The line-up that Minchin presented, with understated aplomb, was such a broad mix that there was something for everyone, though the mood was more Royal Variety than cutting-edge comedy. Kit and the Widow left some mystified and others delighted with their destruction of Lloyd Webber’s and Sondheim’s song-writing skills, before ushering in the soprano Susan Bullock for a Puccini singalong: “No downmarket concert is complete without Nessun Dorma.”

At the other end of the spectrum, the charismatic beatboxer Beardyman bounded on stage in a frock coat to deliver Pachelbel’s Canon with only mouth and microphone. The comedian Sue Perkins once won the BBC’s Maestro competition, though I doubt even she thought that she would end up conducting the William Tell overture at the Proms while a slapstick comic (The Boy With Tape on His Face) aimed a rubber plunger at a blindfolded prommer’s stomach.

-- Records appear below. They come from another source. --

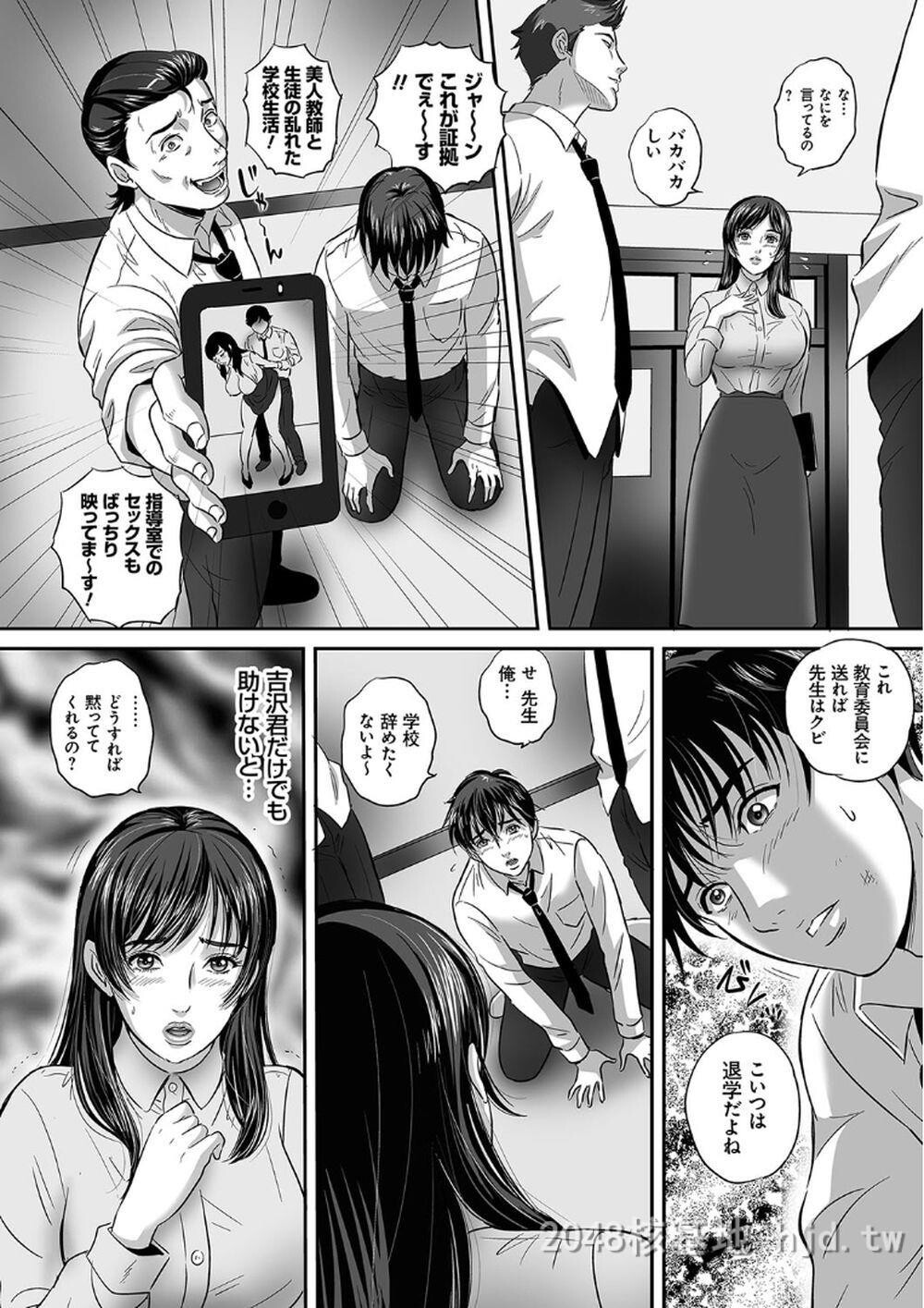 [日文]今宵、妻が晒されて第0页 作者:Publisher 帖子ID:271670 TAG:动漫图片,卡通漫畫,2048核基地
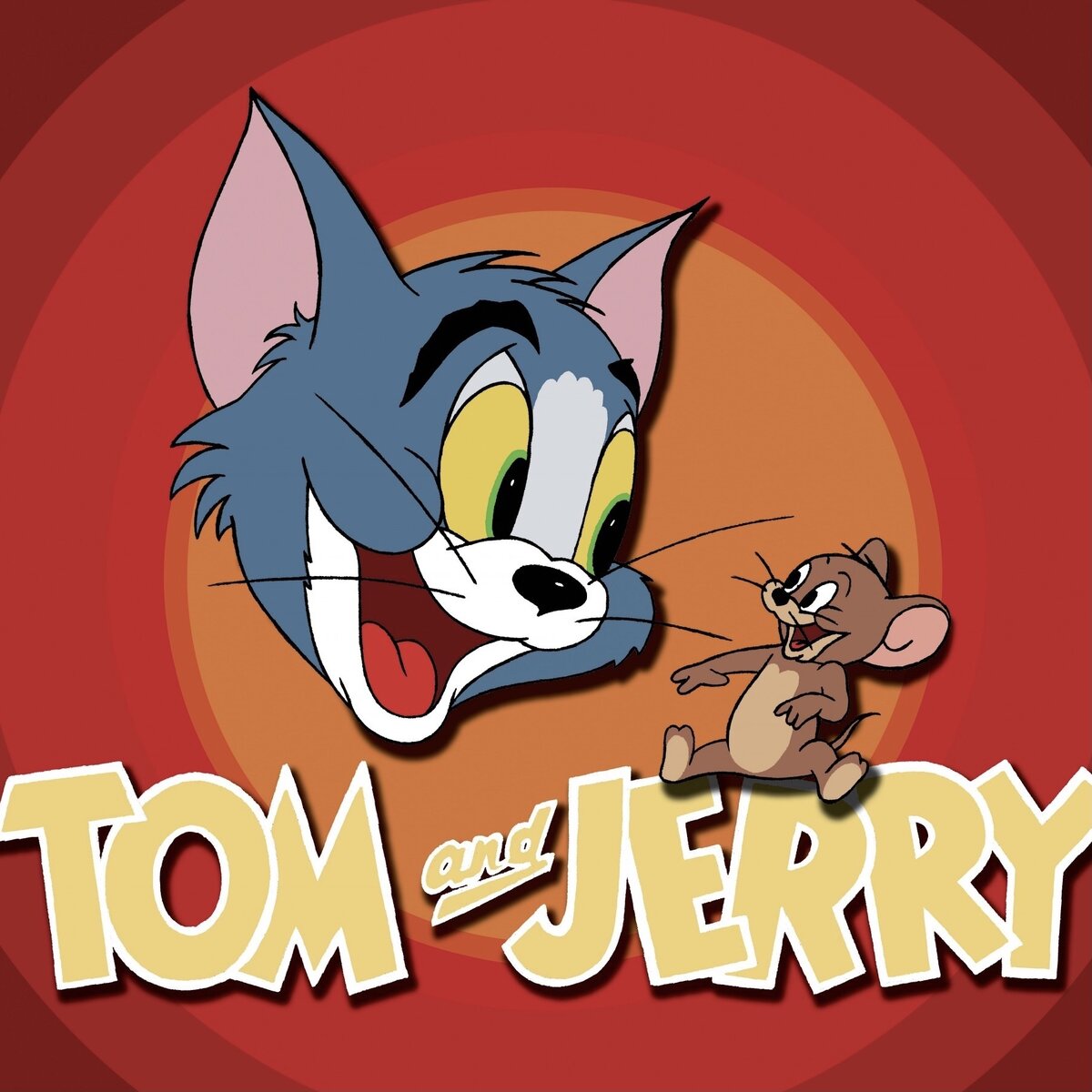 Том и Джерри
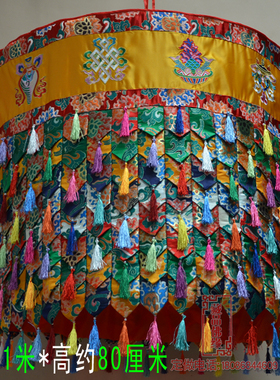 金莲花宝幢 寺院寺庙 佛堂布置 绣八吉祥直径1米大宝伞宝顶佛宝幢
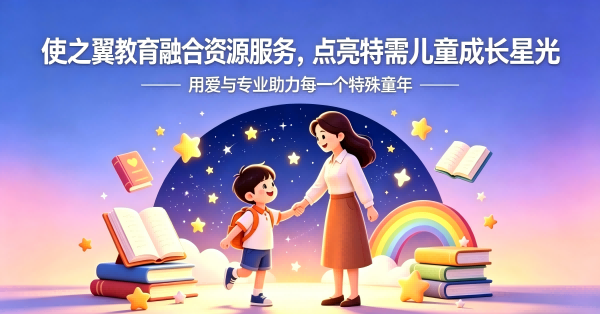 暖心守护 共赴成长----使之翼教育开展幼儿园融合资源服务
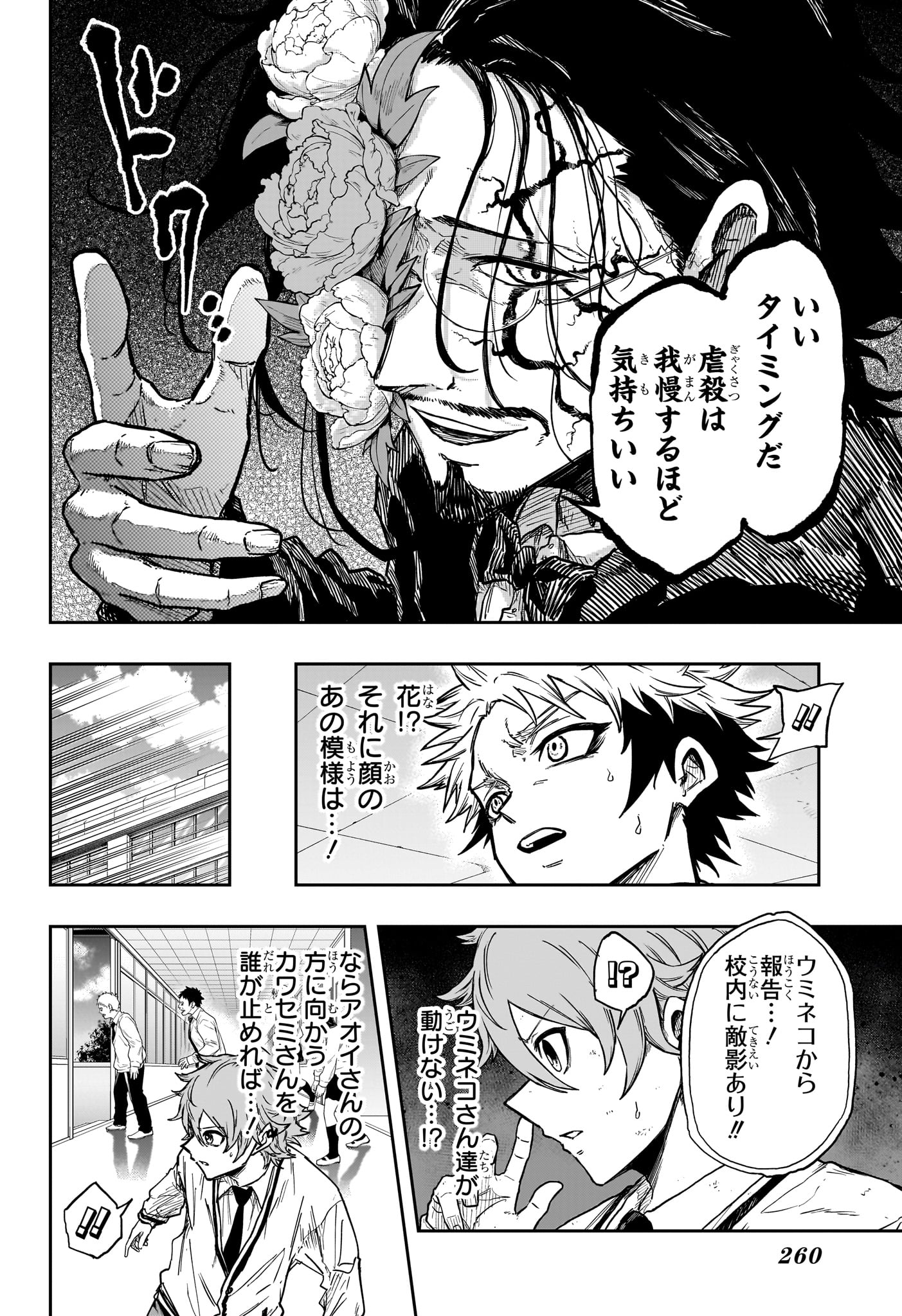 Shinobi Undercover Chapter 92 8ページ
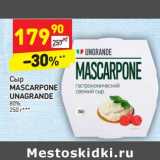 Магазин:Дикси,Скидка:Сыр Mascarpone Unagrande 80%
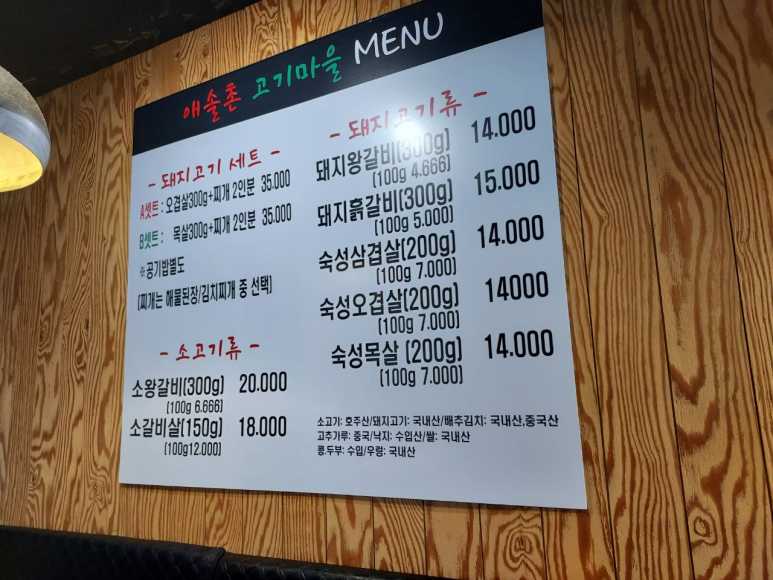 애솔촌고기마을 이미지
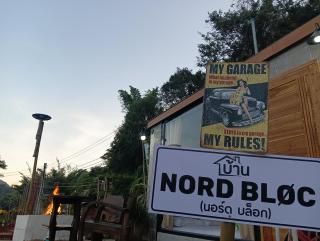บ้านนอร์ดบล็อกเวนิสบ้านเวร - 4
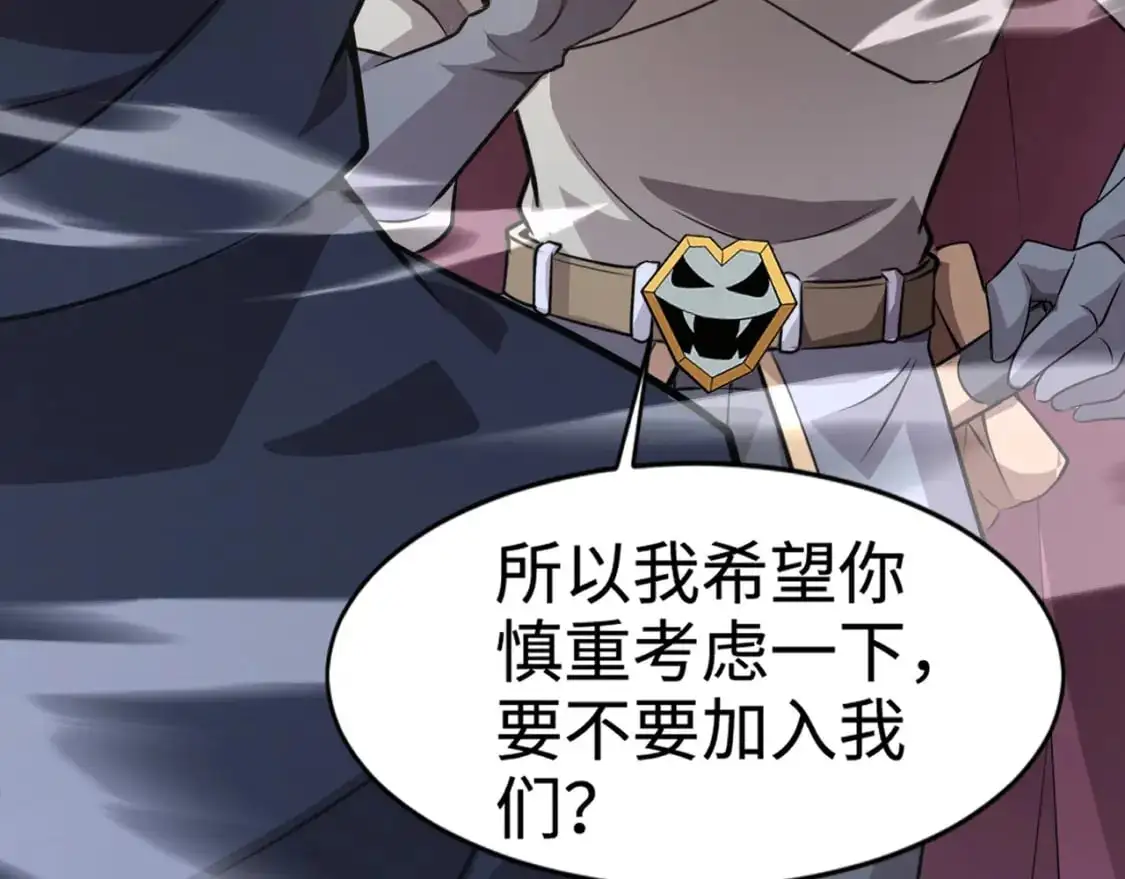 第78话 加入曙光？！我没兴趣！ 第23页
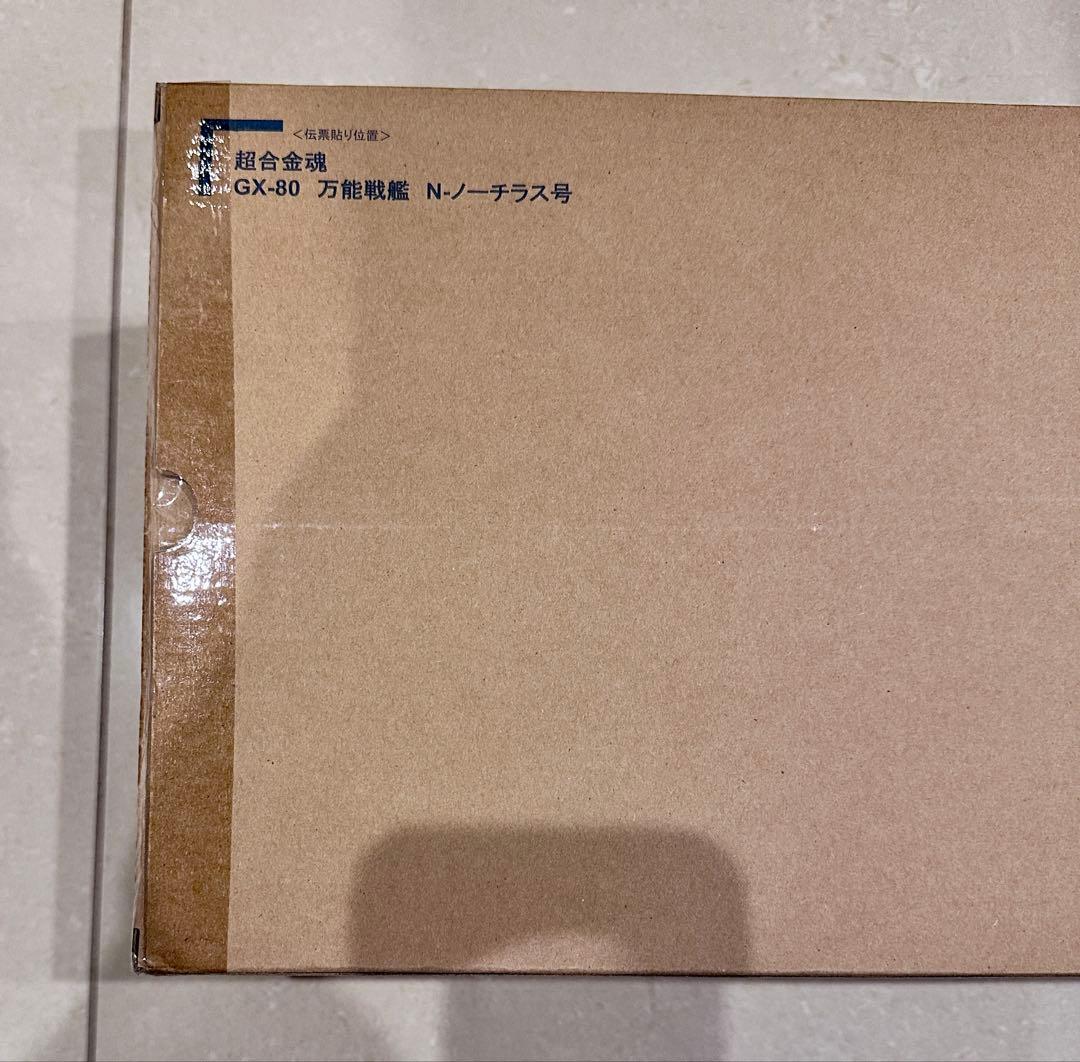 新品 GX-80 超合金魂 万能戦艦N-ノーチラス号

The standout triumph was a blast from the past. Franz Reizenstein wrote his Concerto Popolare for Gerard Hoffnung’s first music festival in 1956; its soloist wanders from Grieg to Beethoven to Rachmaninov while the increasingly irate maestro insists on conducting Tchaikovsky. Like all good musical jokes, it’s lame in the telling and hilarious in the hearing, and Danny Driver’s pianist and Andrew Litton’s conductor were note-perfect impersonations of their preening archetypes. It should have been compulsory viewing for some of their less self-aware peers.